Trinta anos Memores Domini. São Boaventura diz que na profundidade do nosso ser está inscrita a memória do Criador. E precisamente porque esta memória está inscrita no nosso ser, podemos reconhecer o Criador na sua criação, recordar-nos, ver as suas pegadas neste cosmos criado por Ele. São Boaventura diz ainda que esta memória do Criador não é só memória de um passado, porque a origem está presente, é memória da presença do Senhor; é também memória do futuro, porque decerto provimos da bondade de Deus e somos chamados a voltar para ela. Portanto, nesta memória está presente o elemento da alegria, a nossa origem na alegria que é Deus e a nossa chamada para chegar à grande alegria. Sabemos que Manuela era uma pessoa interiormente permeada pela alegria que deriva da memória de Deus. Mas São Boaventura acrescenta que a nossa memória, como toda a nossa existência, está ferida pelo pecado: então a memória é obscurecida, coberta por outras memórias superficiais, e já não podemos superar estas outras memórias superficiais, ir até ao fundo, até à memória verdadeira que sustenta o nosso ser. Por conseguinte, por causa deste esquecimento de Deus, deste olvido da memória fundamental, também a alegria é coberta e obscurecida. Sim, sabemos que fomos criados para a alegria, mas já não sabemos onde ela se encontra, e procuramo-la em diversos lugares. Hoje vemos esta busca desesperada da alegria que se afasta cada vez mais da sua verdadeira fonte, da autêntica alegria. Esquecimento de Deus, olvido da nossa verdadeira memória. Manuela não esqueceu a memória: viveu exactamente na viva memória do Criador, na alegria da sua criação, vendo a transparência de Deus em toda a criação, inclusive nos acontecimentos quotidianos da nossa vida, e sabia que desta memória — presente e futura — provém a alegria.
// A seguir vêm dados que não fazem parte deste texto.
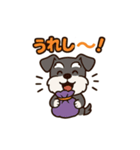 シュナでハッピーハロウィン（個別スタンプ：9）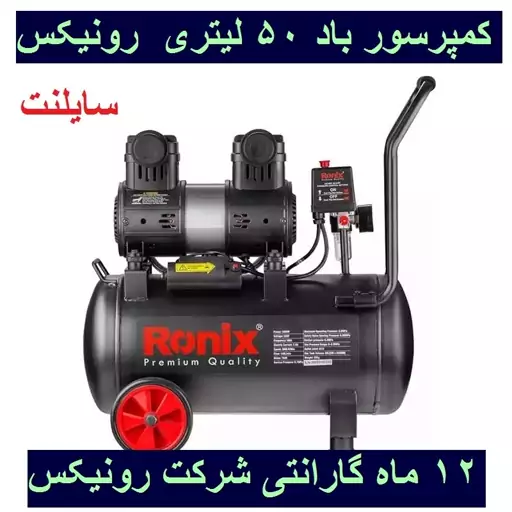 کمپرسور باد 50 لیتری سایلنت رونیکس مدل RC-5012 رونیکس با کارت گارانتی شرکت رونیکس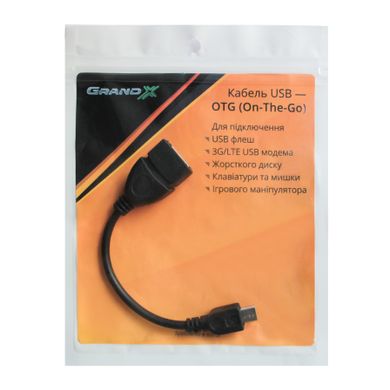 Кабель Grand-X USB OTG з'єднувальний USB A(F)-microB (GXOTG)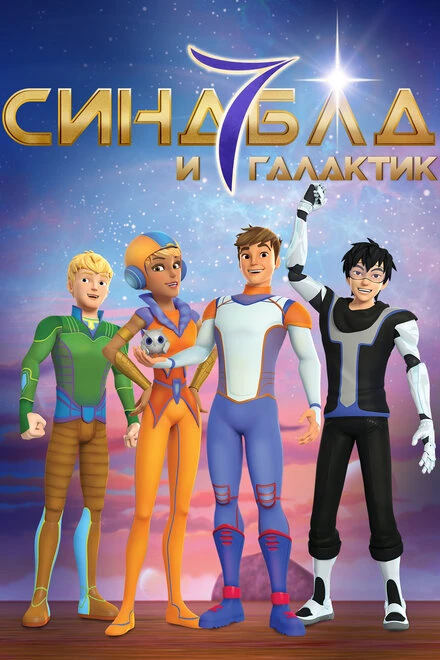 Постер Синдбад и семь галактик 2016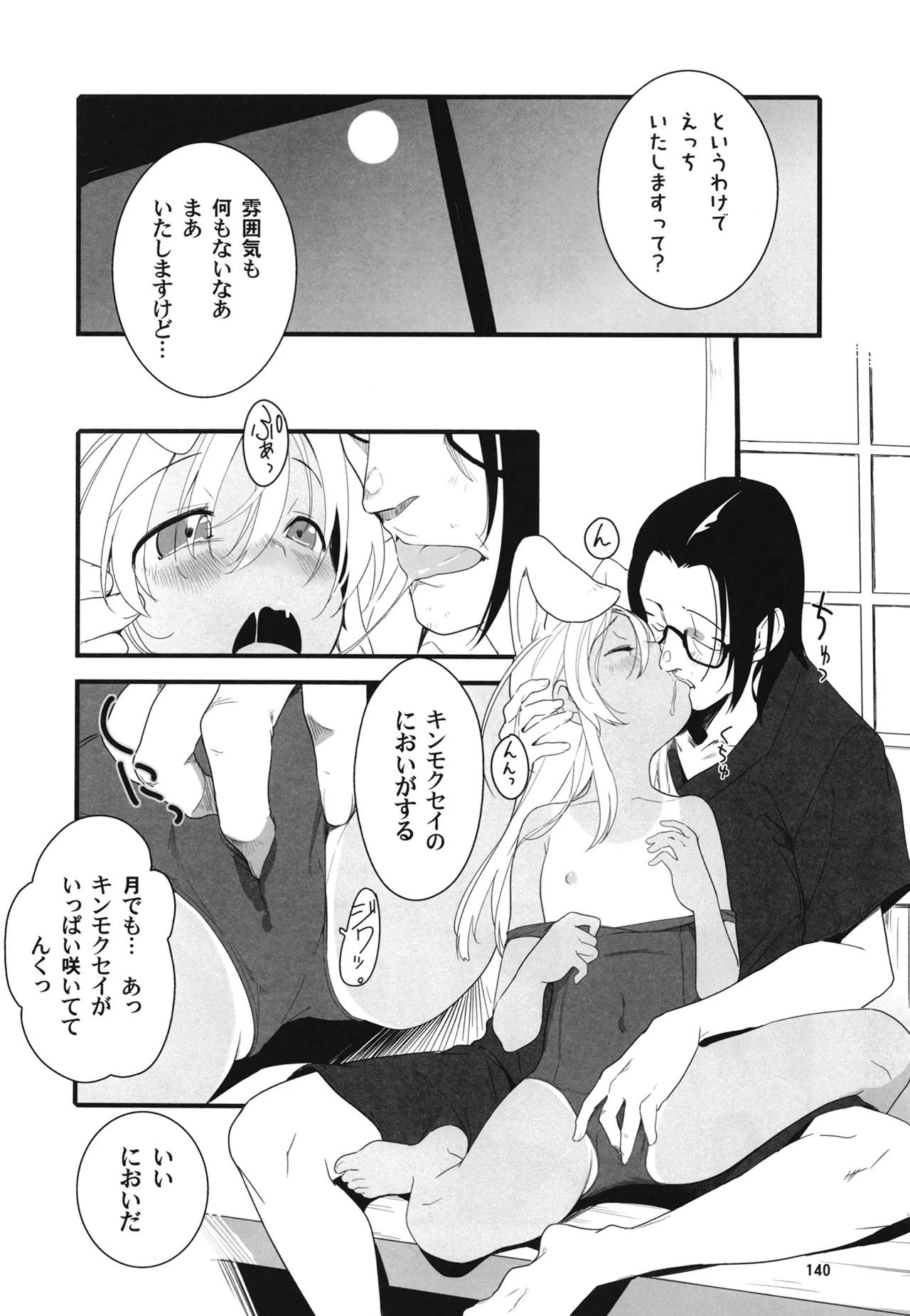 ろーちゃんと提督の総集編其ノ壱 Page.143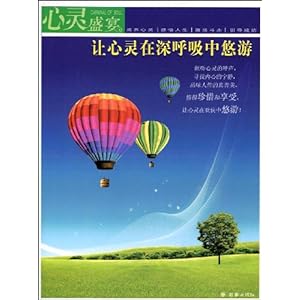 柳烈的音乐专辑插曲_柳烈的音乐专辑_柳烈的音乐专辑4k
Memores Domini. Os Memores Domini sabem que nas vésperas da sua paixão, Cristo renovou, aliás, elevou a nossa memória. «Fazei isto em memória de Mim» disse, e assim nos deu a memória da sua presença, a memória do dom de si, do dom do seu Corpo e do seu Sangue, e neste dom do seu Corpo e Sangue, nesta dádiva do seu amor infinito, com a nossa memória tocamos de novo a presença mais forte de Deus, o seu dom de si. Como Memor Domini, Manuela viveu esta memória viva, que o Senhor com o seu Corpo se doa e renova o nosso saber de Deus.

Na controvérsia com os Saduceus acerca da ressurreição, o Senhor diz-lhes, a eles que não crêem nela: mas Deus chamou-se «Deus de Abraão, de Isaac, de Jacob». Os três fazem parte do nome de Deus, estão inscritos no nome de Deus, estão no nome de Deus, na memória de Deus, e assim o Senhor diz: Deus não é um Deus dos mortos, mas um Deus dos vivos, e quem faz parte do nome de Deus, quem está na memória de Deus, está vivo. Infelizmente, nós homens, com a nossa memória, só podemos conservar uma sombra das pessoas que amámos. Mas a memória de Deus não conserva apenas sombras, é origem de vida: nela vivem os mortos, na sua vida e com a sua vida entraram na memória de Deus, que é vida. Hoje o Senhor diz-nos: Tu estás inscrito no nome de Deus, tu vives em Deus com a vida verdadeira, vives na fonte autêntica da vida.

Desta maneira, neste momento de tristeza, sentimo-nos consolados. A liturgia renovada após o Concílio ousa ensinar-nos a cantar o «Aleluia» também na Missa pelos Defuntos. Isto é audaz! Sentimos sobretudo a dor da perda, a ausência, o passado, mas a liturgia sabe que nós estamos no mesmo Corpo de Cristo e vivemos a partir da memória de Deus, que é a nossa memória. Neste entrelaçamento da sua memória com a nossa estamos unidos, somos vivos. Rezemos ao Senhor para que possamos sentir cada vez mais esta comunhão de memória, que a nossa memória de Deus em Cristo se torne sempre mais viva e possamos sentir que a nossa vida verdadeira está n’Ele, e n’Ele permanecemos todos unidos. Neste sentido, cantemos o «Aleluia», certos de que o Senhor é a vida e o seu amor nunca acaba. Amém.